Not one to ever feel accountable for its role in enforcing teacher accountability models, the FLDOE has passed the burden of creating end of course exams for every course in Florida on to individual school districts. Districts can’t even give teachers a straight answer as to which test data will be used for 50% of their evaluations this year. I contacted the head of statistics and research for my county to ask if they would be using a VAM model or proficiency rates for the district created EOCs. Here was her response:
“We will be using many models. Some will only have proficiency ( like AP courses) and some will have growth. The details have not all been worked out.”
Umm….let’s tackle the first absurdity. Judging AP teachers on proficiency rates is a terrible idea. Some teachers in my district have the ability to pick and choose who gets to take their course. Other AP teachers have schools that treat their classes like dumping grounds for students who can’t fit in the core classes that are covered by the class size amendment. My school has the AVID program which places nontraditional AP students in the AP program. The AVID students rarely pass the AP exams. That doesn’t mean they don’t benefit from taking the course. But it does mean that any AP teacher at a school with the AVID program will have significantly lower proficiency rates than a school that does not.

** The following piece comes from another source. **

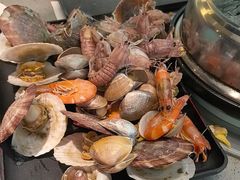 -乔哥铭洋海鲜自助(皇城恒隆广场店)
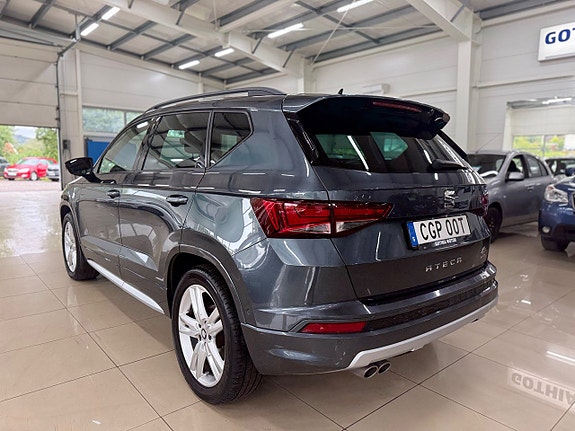 Seat Ateca 7 of 21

So…the district does plan on calculating VAM scores for the other district created EOCs. Only no baseline assessments have been administered as of the end of September. What data are they going to use to predict growth? See the FLDOE email. They will just stick whatever test score in the algorithm because the model will function even if they use a math test score to predict learning gains on a world history EOC.
Finally, I questioned which test data will be used for a teacher who teaches two sections of regular world history, two sections of AP world history and two sections of US history EOC courses. They will potentially have four different sets of data to choose from (one VAM for FSA reading, one VAM for the World History EOC, one VAM for the US History EOC and a separate ranking for their AP pass rate). I would be willing to bet money that the same teacher would have vastly different test score rankings in each subject. An AP teacher with gifted students might have a decent pass rate on AP exams while simultaneously having a low VAM for the FSA reading exam. So which test scores does the county use in the teacher’s evaluation? Needless to say, I did not get an answer to that question. I’m sure they wish they could respond to my emails the same way one of my little darlings reacted when I reprimanded him for talking off topic while doing group work, “Why don’t you just mind your own business!”